Apesar de a reivindicação de mais voos com origem no Porto e em Faro ter os problemas identificados, a comissão executiva da TAP tinha a obrigação de ter sido mais cooperante, integrando-se enquanto parte de uma sociedade que está e vai viver uma gravíssima crise. Devia ter tentado encontrar um equilíbrio entre o interesse dos seus accionistas e o interesse do país num momento difícil. Uma empresa não é uma ilha e ainda menos o pode ser na conjuntura de crise que vivemos. Era obrigação da comissão executiva ter ouvido as associações do sector, com especial relevo para as do turismo e da indústria, assim como alguns autarcas. Não o fez, e cometeu um erro grave.

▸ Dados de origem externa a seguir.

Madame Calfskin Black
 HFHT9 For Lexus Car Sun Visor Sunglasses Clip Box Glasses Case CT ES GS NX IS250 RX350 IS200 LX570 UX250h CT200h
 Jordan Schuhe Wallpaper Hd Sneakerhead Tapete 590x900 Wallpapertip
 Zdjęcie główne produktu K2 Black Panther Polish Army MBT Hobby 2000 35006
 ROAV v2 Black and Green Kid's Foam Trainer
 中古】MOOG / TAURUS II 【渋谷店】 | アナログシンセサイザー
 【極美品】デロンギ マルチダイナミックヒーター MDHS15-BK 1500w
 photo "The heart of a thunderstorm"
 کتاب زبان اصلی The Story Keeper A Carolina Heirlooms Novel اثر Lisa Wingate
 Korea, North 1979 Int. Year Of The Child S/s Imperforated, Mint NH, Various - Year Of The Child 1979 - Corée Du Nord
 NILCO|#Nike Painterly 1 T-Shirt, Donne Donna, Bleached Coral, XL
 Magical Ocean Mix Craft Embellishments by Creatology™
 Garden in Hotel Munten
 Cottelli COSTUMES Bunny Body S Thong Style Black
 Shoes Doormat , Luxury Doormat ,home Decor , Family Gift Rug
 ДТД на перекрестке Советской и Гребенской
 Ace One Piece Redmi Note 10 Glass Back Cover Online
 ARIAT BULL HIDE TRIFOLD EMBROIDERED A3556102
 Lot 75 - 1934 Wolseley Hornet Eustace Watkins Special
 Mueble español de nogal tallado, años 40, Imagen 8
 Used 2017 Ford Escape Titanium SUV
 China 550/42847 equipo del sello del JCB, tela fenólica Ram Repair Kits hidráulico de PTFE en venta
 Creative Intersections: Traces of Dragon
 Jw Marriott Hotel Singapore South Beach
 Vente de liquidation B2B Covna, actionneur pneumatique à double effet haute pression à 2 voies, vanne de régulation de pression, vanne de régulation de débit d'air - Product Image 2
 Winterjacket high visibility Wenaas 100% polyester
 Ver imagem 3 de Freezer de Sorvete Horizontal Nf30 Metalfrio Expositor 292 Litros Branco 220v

A Comissão Executiva vai agora emendar a mão e corrigir o que podia ter feito bem desde o início. Os membros do Conselho de Administração, onde estão representantes do Estado, avisaram, manifestando discordância com a decisão, como se pode ler aqui no Eco. Mas Antonoaldo Neves não os quis ouvir, revelando um perfil pouco adequado ao que se exige hoje a um qualquer gestor.

Não é a primeira vez que o presidente executivo da TAP mostra não ter o perfil certo para o cargo que tem. Foi, por exemplo, o caso da sua entrevista ao El Pais, onde foi criticar a ANA e o seu accionista, a Vinci, dizendo que não sabia nada de aeroportos e que prejudicava as contas da companhia. Ou ainda em Fevereiro quando, na apresentação dos prejuízos da empresa, disse que o aeroporto de Lisboa era o “pior do mundo”.

Uma companhia como a TAP tem de ser gerida num ambiente de cooperação, num equilíbrio complexo para não se deixar capturar por interesses partidários ou outros. Não pode ser gerida como se fosse uma ilha e não precisasse de ninguém. E ainda menos lançar criticas quando anuncia prejuízos, parecendo que se está a desculpar.

Depois do que se passou com o anúncio de reabertura dos voos, percebe-se a irritação do ministro Pedro Nuno Santos com a TAP. Desta vez nem o primeiro-ministro conseguiu manter a calma, face a tanta falta de bom senso da comissão executiva, para se dizer o mínimo. A TAP pode não ter apenas um problema financeiro, pode ter também um presidente executivo sem o perfil certo para os tempos difíceis e para os complexos equilíbrios, entre interesses privados e público, que a companhia vai enfrentar.